Mit letzterer Aussage kritisiert Peter Altmaier sogar seine eigene Partei,
die sich noch stets den Werten der Familie verschrieben hat. Aber was hat
es eigentlich mit den Schwulen auf sich, die das „Alleinesein“ als
Erklärung nicht akzeptieren möchten?
Bei dieser Frage müsste man noch einmal kurz auf allein lebende Menschen an
sich zurückkommen: Hat ein Mensch, der allein lebt, keine sexuelle
Orientierung? Oder hat zum Beispiel ein tatsächlich zölibatär lebender
Priester oder eine Nonne keine sexuelle Orientierung? Sie haben eine, leben
diese allerdings temporär oder dauerhaft nicht aus. Schwulen und Lesben
wiederum ging es im Rahmen ihres Ringens um Entkriminalisierung und
Gleichberechtigung nicht um expliziten Geschlechtsverkehr, sondern um die
politische und gesellschaftliche Anerkennung ihrer sexuellen Orientierung
als Teil ihrer Identität.
## Sexuelle Selbstbestimmung ist Menschenrecht
Das Recht auf sexuelle Selbstbestimmung ist ein Menschenrecht, und das Wort
„Outing“ kommt von „Coming-out“, abgeleitet aus dem englischen „comin…

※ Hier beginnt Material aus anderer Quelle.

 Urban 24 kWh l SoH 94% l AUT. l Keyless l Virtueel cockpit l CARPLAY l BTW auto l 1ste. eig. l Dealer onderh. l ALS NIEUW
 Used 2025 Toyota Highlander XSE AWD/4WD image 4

of the closet“. Ein individueller Prozess, innerhalb dessen sich eine
Person über ihre von der Norm abweichende Sexualität oder Geschlechterrolle
bewusst wird – um sie hernach dem sozialen Umfeld mitzuteilen. In einem
erweiterten, politischen Sinn bezieht sich diese Mitteilung auch auf die
Öffentlichkeit, denn Sichtbarkeit war und ist für die homosexuelle
Emanzipation unerlässlich. Jeder Mensch, der sich öffentlich zu seiner
abweichenden sexuellen Orientierung „bekennt“ – und nicht etwa zu
schlüpfrigen Details des letzten Sexualakts –, bedeutet einen weiteren
Schritt in Richtung des gesellschaftlichen Fortschritts.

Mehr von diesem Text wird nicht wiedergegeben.